THE PRESIDENT: Before proceeding to executive session, we will have the report of the committee to draft a resolution of thanks to the people in Washington who have contributed so largely to the success of the convention.

Mr. Davis presented the following report:

As the enjoyment and social success of the convention has been so largely contributed to by the many enjoyable and interesting entertainments furnished, the National Electric Light Association, on behalf of its members and guests, wishes to express its most hearty appreciation of the courtesies extended, and hereby publicly to thank all who have contributed to their pleasure, particularly the President of the United States; the ladies of the District of Columbia; Honorable H. B. F. Macfarland, president, and the other members of the Board of Commissioners of the District of Columbia; Colonel C. A. P. Hatfield, United States Army; the Columbia and Chevy Chase Golf Club; Mr. G. T. Dunlap and Mr. D. S. Carll, of the Capital City Traction Company; Mr. F. B. Hubbell and Mr. T. P. Garrett, of the Washington, Arlington and Falls Church Railway Company; General George H. Harries, Mr. H. W. Fuller, Mr. E. S. Marlow, Mr. L. E. Sinclair, and others of our local member company, and generally the members of the entertainment committee. The secretary of the association is requested to convey our thanks, as stated in this resolution.

(The meeting then adjourned to executive session.)

EXECUTIVE SESSION

In the executive session the first business was the report of the committee on rates and costs, Mr. R. S. Hale, chairman, which was discussed at considerable length.

The report of the committee on the president's address was presented and adopted.

On the recommendation of the executive committee, Mr. George Westinghouse and Dr. Arthur E. Kennelly were unanimously elected to honorary membership.

The report of the secretary and treasurer was presented by Secretary Eglin, and was received and ordered filed.

The following officers and members of the executive committee were unanimously elected:

For president, Dudley Farrand, of Newark, N. J.

For first vice-president, Alex Dow, of Detroit.

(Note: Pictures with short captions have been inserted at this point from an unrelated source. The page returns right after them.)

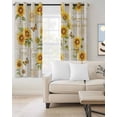 thumbnail image 2 of Yellow Sunflowers Kitchen Curtains Country Botanical Flowers Butterfly Cafe Short Curtains for Bathroom Blackout Window Curtain Small Window Treatment Drapes for Bedroom Living Room 27.5"x39"x2, 2 of 9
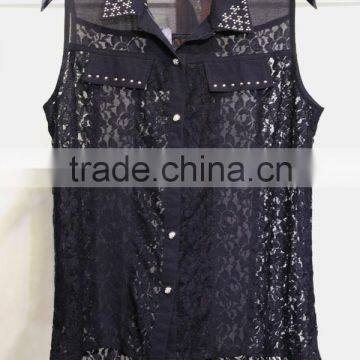 black lace tops with sequin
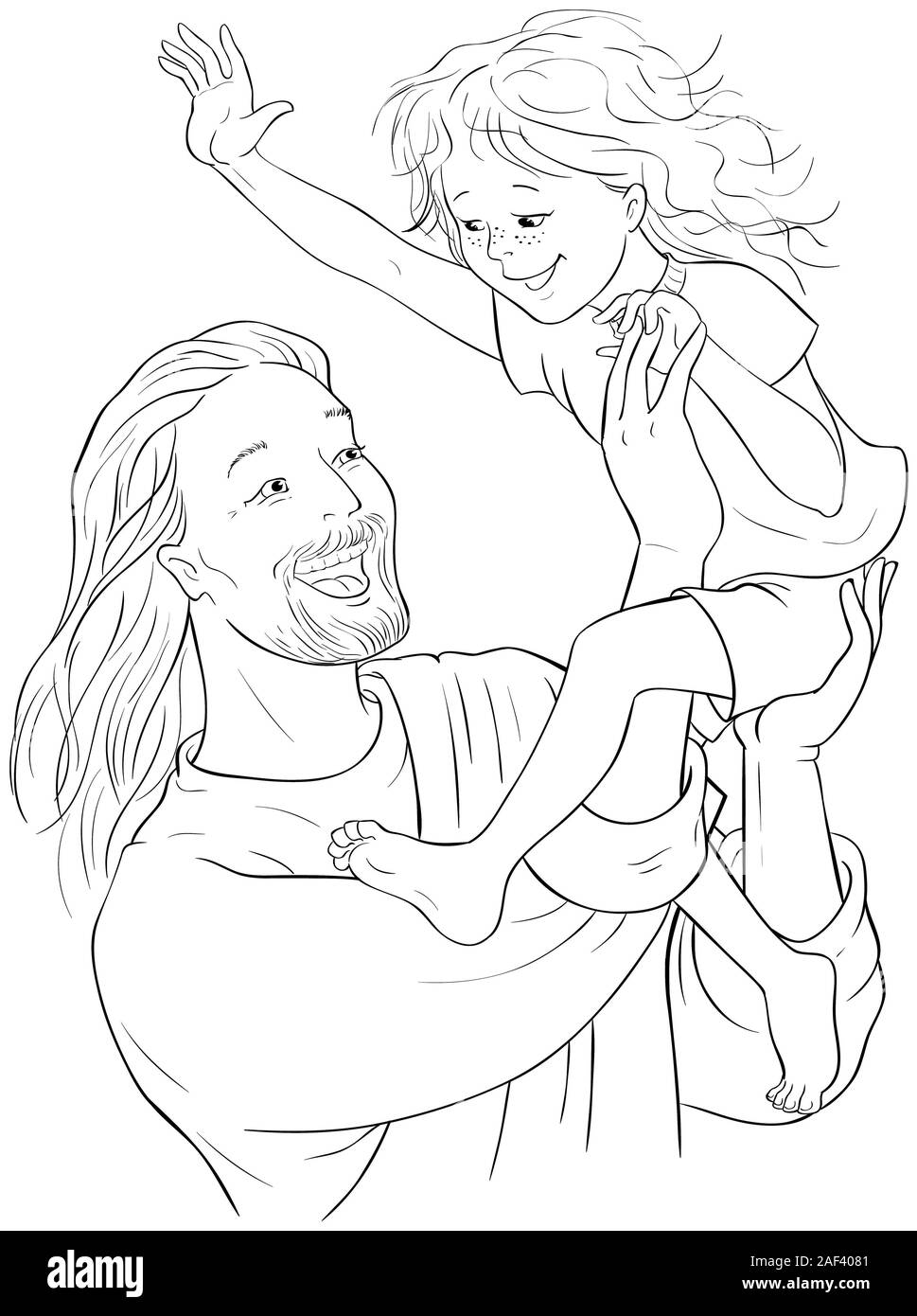 Laughing Jesus holds happy child in his arms cartoon christian coloring page Stock Photo
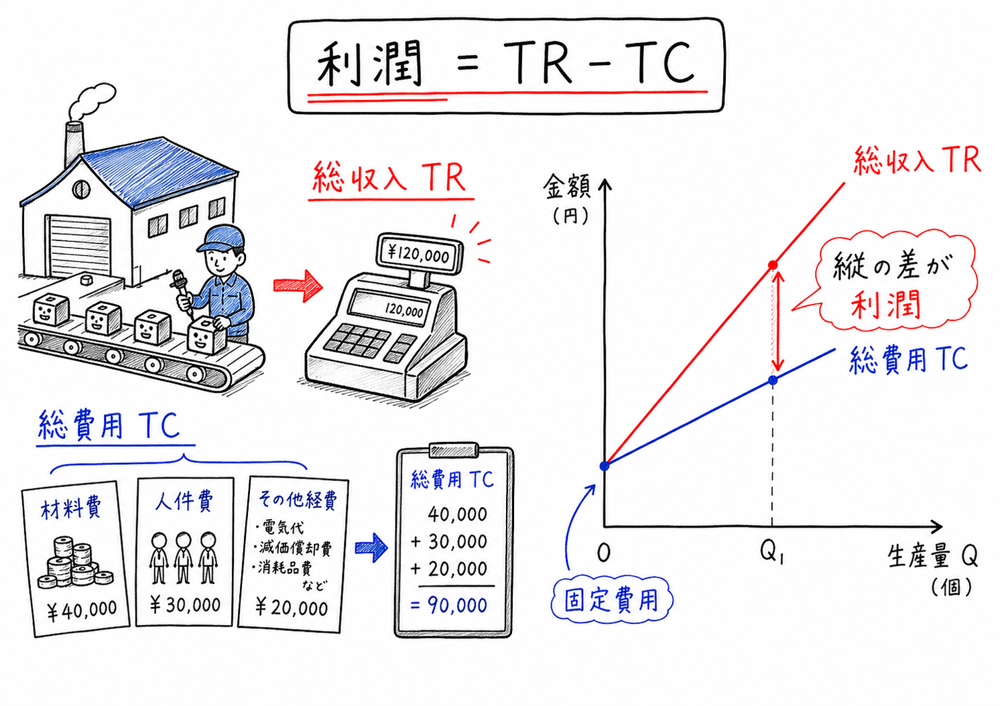 利潤を総収入と総費用の縦の差として読む図解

For second vice-president, W. C. L. Eglin, of Philadelphia. For members of the executive committee, to serve for three conventions: Messrs. Samuel Scovil, of Cleveland; A. J. De Camp, of Philadelphia, and General George H. Harries, of Washington.

Mr. W. W. Freeman, of Brooklyn, was unanimously recommended for the office of secretary and treasurer for the coming

year.

After resolutions of thanks to the retiring officers, to authors of papers and others who contributed to the work of preparation for the convention, the meeting adjourned.

Necrology

JAMES BLAKE CAHOON

The death of Mr. James Blake Cahoon, past-president of the association, occurred at New Rochelle, N. Y., on February 17, 1907. Mr. Cahoon was born at Lyndon, Vt., in 1859, and entered the United States Naval Academy as a cadet-midshipman in 1875, graduating in 1879 number 18 in a class of forty-one. After considerable sea service, Ensign Cahoon was detailed to electrical work at the Newport, R. I., naval station, and while on duty there his sight was so injured while making tests of arc lamps that he was placed on the retired list in 1889 with the rank of ensign. In the same year he became connected with the Thomson-Houston Company, among his first work being the organization of the Lynn offices. Upon the consolidation which gave birth to the General Electric Company, Mr. Cahoon organized the expert department at the Schenectady works, and later became chief engineer of the local companies committee, in which capacity he had at different times supervision of thirty-nine lighting and street railway properties then owned by the General Electric Company.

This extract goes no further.